For PDFs, since the probability of an exact value is 0, we typically calculate it in intervals. e.g. the probability that $$X$$ is less than or equal to $$x$$ is represented by $$Pr(X \leq x)$$. In other words, if a random variable has the probability distribution function $$f(x)$$, the probability $$Pr(X \leq x)$$ is
$$Pr(X \leq x ) = \int_{-\infty}^{x} f(x) dx $$
# Let's generate some random numbers
np.random.seed(42)
# Uniform distribution between 0,1
uniform = sp.uniform.rvs(0, 1 ,size=1000)
uniform_bins = np.arange(0, 1.01, 0.01)
# Beta distribution but with four different cases; a = b = 1; a > b; b > a; a < 1, b < 1, a = b;
beta_1 = sp.beta.rvs(a = 1, b = 1, size = 1000)
beta_2 = sp.beta.rvs(a = 5, b = 1, size = 1000)
beta_3 = sp.beta.rvs(a = 1, b = 5, size = 1000)
beta_4 = sp.beta.rvs(a = 0.5, b = 0.5, size = 1000)
beta_bins = uniform_bins.copy() # Still between 0 and 1
# How much time will elapse until the first success? Play with different scale values
expon_1 = sp.expon.rvs(scale = 1, size = 1000)
expon_2 = sp.expon.rvs(scale = 0.5, size = 1000)
expon_3 = sp.expon.rvs(scale = 4, size = 1000)
expon_bins = np.arange(0, 10.1, 0.01)
# How much time until the ath event? Plot different cases; three scale values, two k values
gamma_1 = sp.gamma.rvs(a = 1, scale = 1, size = 1000)
gamma_2 = sp.gamma.rvs(a = 1, scale = 0.5, size = 1000)
gamma_3 = sp.gamma.rvs(a = 1, scale = 4, size = 1000)
gamma_4 = sp.gamma.rvs(a = 3, scale = 1, size = 1000)
gamma_5 = sp.gamma.rvs(a = 3, scale = 0.5, size = 1000)
gamma_6 = sp.gamma.rvs(a = 3, scale = 4, size = 1000)
gamma_bins = expon_bins.copy()
# Plot the good old' standard normal distribution, which is king!
normal = sp.norm.rvs(size=1000)
normal_bins = np.arange(-3, 3.01, 0.01)
# Plot the circular normal, or von mises, distribution
vm = sp.vonmises.rvs(kappa = 1, size=1000)

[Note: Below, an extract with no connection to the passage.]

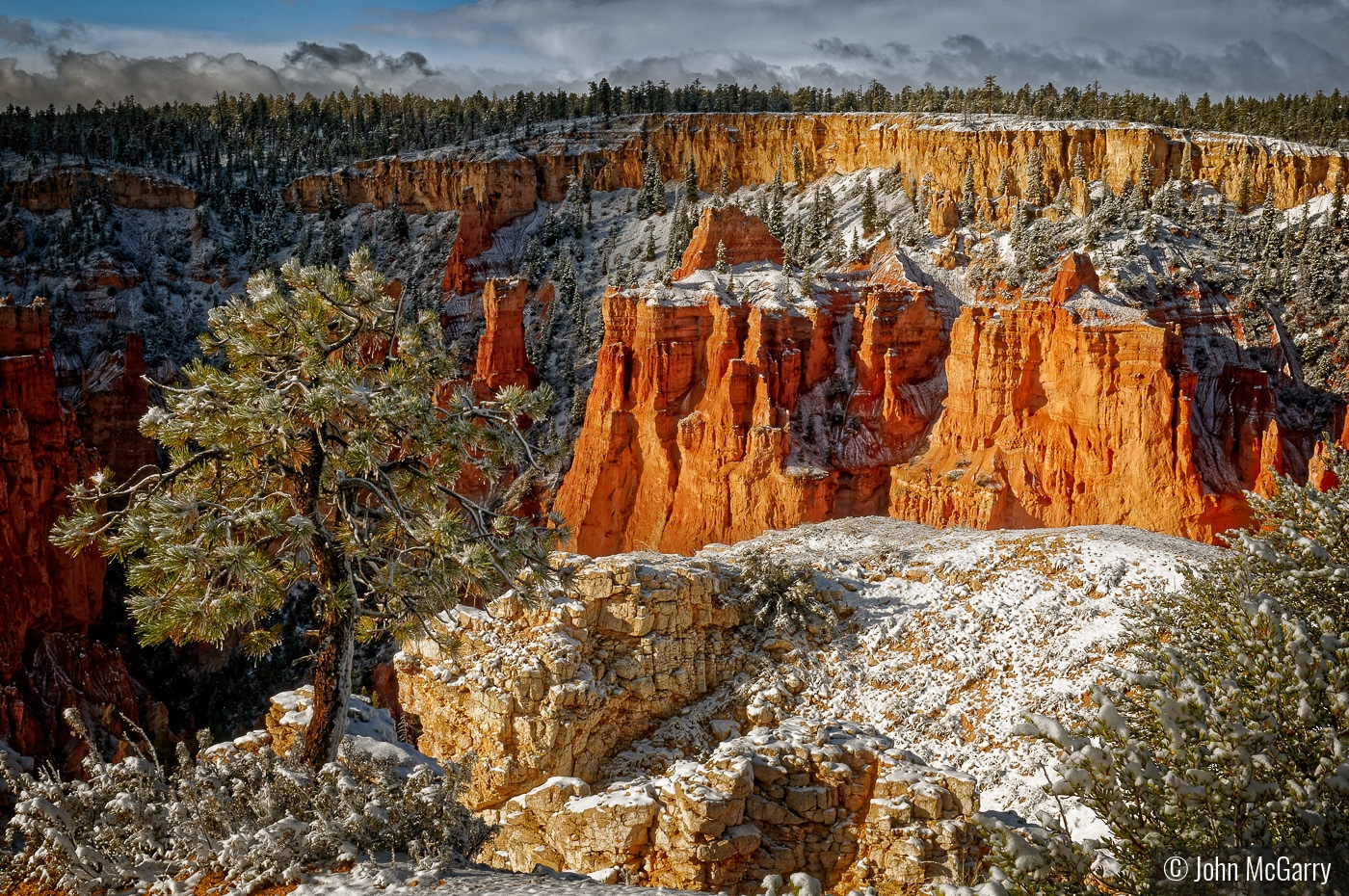 Light Snow, Pine Tree and Bryce Rock Formations by John McGarry
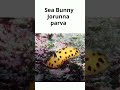 Sea Bunnies: Facts and Trivia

vm_bins = np.arange(-np.pi, np.pi+0.01, 0.1)
# t-distribution and chi-squared distributions with 5 degrees of freedom
t = sp.t.rvs(df=5, size = 1000)
t_bins = normal_bins.copy()
chi = sp.chi2.rvs(df = 5, size = 1000)
chi_bins = np.arange(0, int(max(chi))+1, 1)

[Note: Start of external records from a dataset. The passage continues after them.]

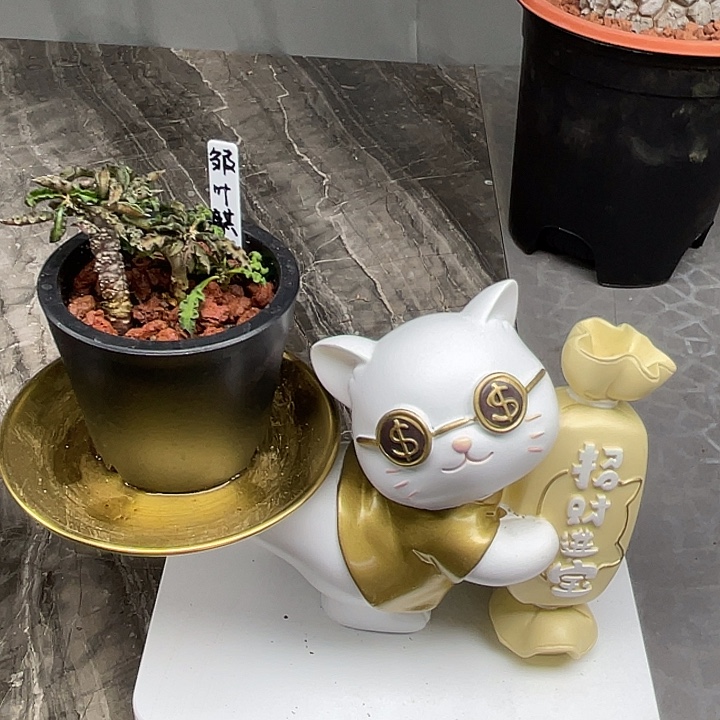 皱叶麒麟中场5折福利冲鸭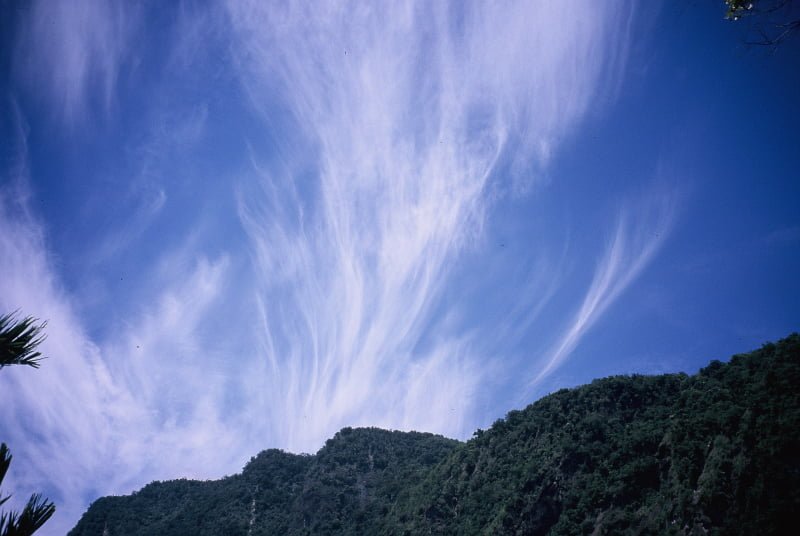 花蓮旅遊:太魯閣縱谷交通規劃全攻略(鐵路、公車、自駕汽車、機車與航线現況驗證)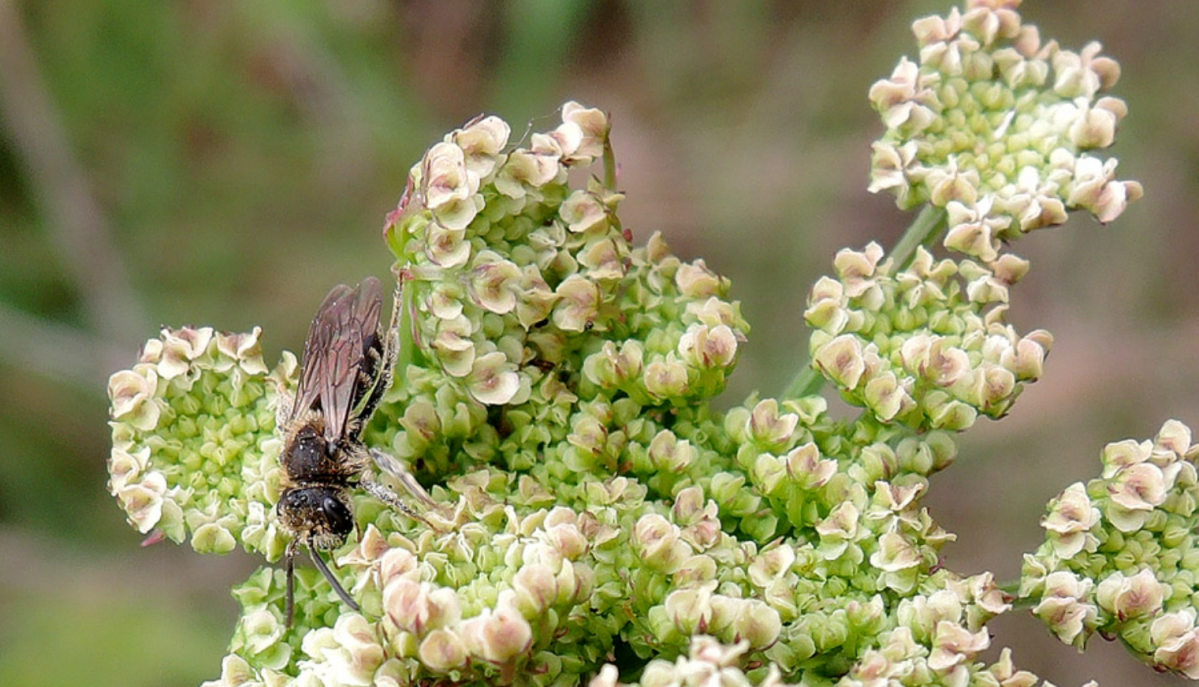 Hojas de Oenanthe SPP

# Dirichlet distribution for 3-event space with concentration parameters of 1,1,1
dirichet = sp.dirichlet.rvs([1,1,1], size = 1000)
distributions = [
("Uniform", [uniform], uniform_bins, ['dodgerblue'], ['a = 0, b = 1']),
("Beta", [beta_1, beta_2, beta_3, beta_4], beta_bins,
['dodgerblue', 'red', 'yellow', 'green'],
['$\\alpha = 1, \\beta = 1$', '$\\alpha = 5, \\beta = 1$',
'$\\alpha = 1, \\beta = 5$', '$\\alpha = 0.5, \\beta = 0.5$']),
("Exponential", [expon_1, expon_2, expon_3], expon_bins,
['dodgerblue', 'red', 'yellow'],
['$\lambda = 1$', '$\lambda = 1/0.5 = 2$',
'$\lambda = 1/4 = 0.25$']),
("Gamma", [gamma_1, gamma_2, gamma_3, gamma_4, gamma_5, gamma_6], gamma_bins,
['dodgerblue', 'red', 'yellow', 'green', 'purple', 'black', 'brown'],
['$\\alpha = 1, \\theta = 1$', '$\\alpha = 1, \\theta = 0.5$', '$\\alpha = 1, \\theta = 4$',
'$\\alpha = 3, \\theta = 1$', '$\\alpha = 3, \\theta = 0.5$', '$\\alpha = 3, \\theta = 4$']),
("Normal", [normal], normal_bins, ['dodgerblue'], ['$\mu = 0, \sigma = 1$']),
("von Mises", [vm], vm_bins, ['red'], ['$\mu = 0, \kappa = 1$']),
("t", [t], t_bins, ['green'], ['df = 5']),
("$\chi^2$", [chi], chi_bins, ['yellow'], ['df = 5']),
]
fig, axes = plt.subplots(3,3)
ax = axes.flatten()
for i,v in enumerate(distributions):
name, the_dist_list, the_dist_bins, c_list, params_list = v
for dl, c, params in zip(the_dist_list, c_list, params_list):
sns.distplot(dl, ax = ax[i], kde = True, color = c, label = params, bins = the_dist_bins)
ax[i].set_title(f"{name} distribution")
ax[i].legend(loc = 'upper right', ncol = 2)
# Custom labelling / manip
ax[2].set_xlim((0,10))
ax[3].set_xlim((0,10))
ax[5].set_xticks([-np.pi, -np.pi/2, 0, np.pi/2, np.pi])
ax[5].set_xticklabels(['$-\pi$', '$-\\frac{\pi}{2}$', '0', '$\\frac{\pi}{2}$', '$\pi$'])
ax[6].set_xlim(ax[4].get_xlim())
plt.subplots_adjust(hspace = 0.5)
sns.despine()
# plotting a Dirichlet distribution is not straight forward when K > 2
fig.delaxes(ax[8])
fig.set_size_inches((15,10))
plt.savefig("continuous_distributions.png", dpi = 300)
I hope this was a useful, short intro to some foundational statistics! :) Have fun.